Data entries
▬▬▬▬▬▬▬▬▬▬
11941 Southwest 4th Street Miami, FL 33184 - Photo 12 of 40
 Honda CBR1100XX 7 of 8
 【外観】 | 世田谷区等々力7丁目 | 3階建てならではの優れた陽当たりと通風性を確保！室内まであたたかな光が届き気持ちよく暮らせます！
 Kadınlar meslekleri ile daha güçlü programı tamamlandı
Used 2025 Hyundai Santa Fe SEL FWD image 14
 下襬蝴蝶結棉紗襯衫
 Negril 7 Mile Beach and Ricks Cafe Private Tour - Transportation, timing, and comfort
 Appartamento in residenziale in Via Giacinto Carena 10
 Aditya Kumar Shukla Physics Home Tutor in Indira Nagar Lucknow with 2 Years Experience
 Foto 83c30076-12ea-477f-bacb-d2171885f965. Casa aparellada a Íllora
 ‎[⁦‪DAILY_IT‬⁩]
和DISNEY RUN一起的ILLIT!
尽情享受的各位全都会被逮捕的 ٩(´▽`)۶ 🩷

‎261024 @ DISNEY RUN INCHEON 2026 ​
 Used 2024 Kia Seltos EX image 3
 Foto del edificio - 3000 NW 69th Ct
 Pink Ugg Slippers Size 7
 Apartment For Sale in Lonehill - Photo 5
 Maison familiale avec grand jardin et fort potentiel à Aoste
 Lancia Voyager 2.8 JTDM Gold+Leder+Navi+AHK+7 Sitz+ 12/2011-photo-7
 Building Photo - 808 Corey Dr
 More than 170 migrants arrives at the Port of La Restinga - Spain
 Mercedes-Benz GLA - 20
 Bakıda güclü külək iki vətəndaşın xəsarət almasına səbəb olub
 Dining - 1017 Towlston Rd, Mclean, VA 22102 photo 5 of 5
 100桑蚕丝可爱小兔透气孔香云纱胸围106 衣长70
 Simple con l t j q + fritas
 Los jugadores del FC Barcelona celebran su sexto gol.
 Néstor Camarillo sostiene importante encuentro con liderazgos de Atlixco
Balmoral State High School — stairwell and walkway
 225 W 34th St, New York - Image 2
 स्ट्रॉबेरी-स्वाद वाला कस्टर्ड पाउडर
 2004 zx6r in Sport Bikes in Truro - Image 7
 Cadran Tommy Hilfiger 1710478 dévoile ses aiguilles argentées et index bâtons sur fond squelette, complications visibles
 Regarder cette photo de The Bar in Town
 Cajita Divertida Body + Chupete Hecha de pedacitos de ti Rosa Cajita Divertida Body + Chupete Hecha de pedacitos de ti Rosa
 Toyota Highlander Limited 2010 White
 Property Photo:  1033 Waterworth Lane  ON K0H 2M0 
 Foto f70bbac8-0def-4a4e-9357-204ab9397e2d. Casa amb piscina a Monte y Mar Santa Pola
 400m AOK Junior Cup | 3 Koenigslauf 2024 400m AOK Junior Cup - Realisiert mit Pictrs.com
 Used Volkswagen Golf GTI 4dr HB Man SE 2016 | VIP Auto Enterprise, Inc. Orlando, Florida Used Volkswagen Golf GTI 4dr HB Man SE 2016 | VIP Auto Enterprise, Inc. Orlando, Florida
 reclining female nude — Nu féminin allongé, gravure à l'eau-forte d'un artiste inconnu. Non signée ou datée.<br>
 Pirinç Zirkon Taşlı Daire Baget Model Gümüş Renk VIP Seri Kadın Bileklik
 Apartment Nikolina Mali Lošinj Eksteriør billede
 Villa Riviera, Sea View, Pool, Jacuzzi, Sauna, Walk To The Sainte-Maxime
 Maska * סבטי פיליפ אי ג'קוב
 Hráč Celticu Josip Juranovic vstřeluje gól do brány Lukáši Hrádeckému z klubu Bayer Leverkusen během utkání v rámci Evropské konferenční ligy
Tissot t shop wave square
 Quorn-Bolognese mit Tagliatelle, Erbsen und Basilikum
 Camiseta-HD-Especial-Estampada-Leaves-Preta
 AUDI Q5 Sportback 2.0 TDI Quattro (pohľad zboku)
▬▬▬▬▬▬▬▬▬▬
Assignment
Copy over exactly the lines above from the one with "Hráč Celticu Josip" to the last, both included, and no others.

Exercise result
 Hráč Celticu Josip Juranovic vstřeluje gól do brány Lukáši Hrádeckému z klubu Bayer Leverkusen během utkání v rámci Evropské konferenční ligy
Tissot t shop wave square
 Quorn-Bolognese mit Tagliatelle, Erbsen und Basilikum
 Camiseta-HD-Especial-Estampada-Leaves-Preta
 AUDI Q5 Sportback 2.0 TDI Quattro (pohľad zboku)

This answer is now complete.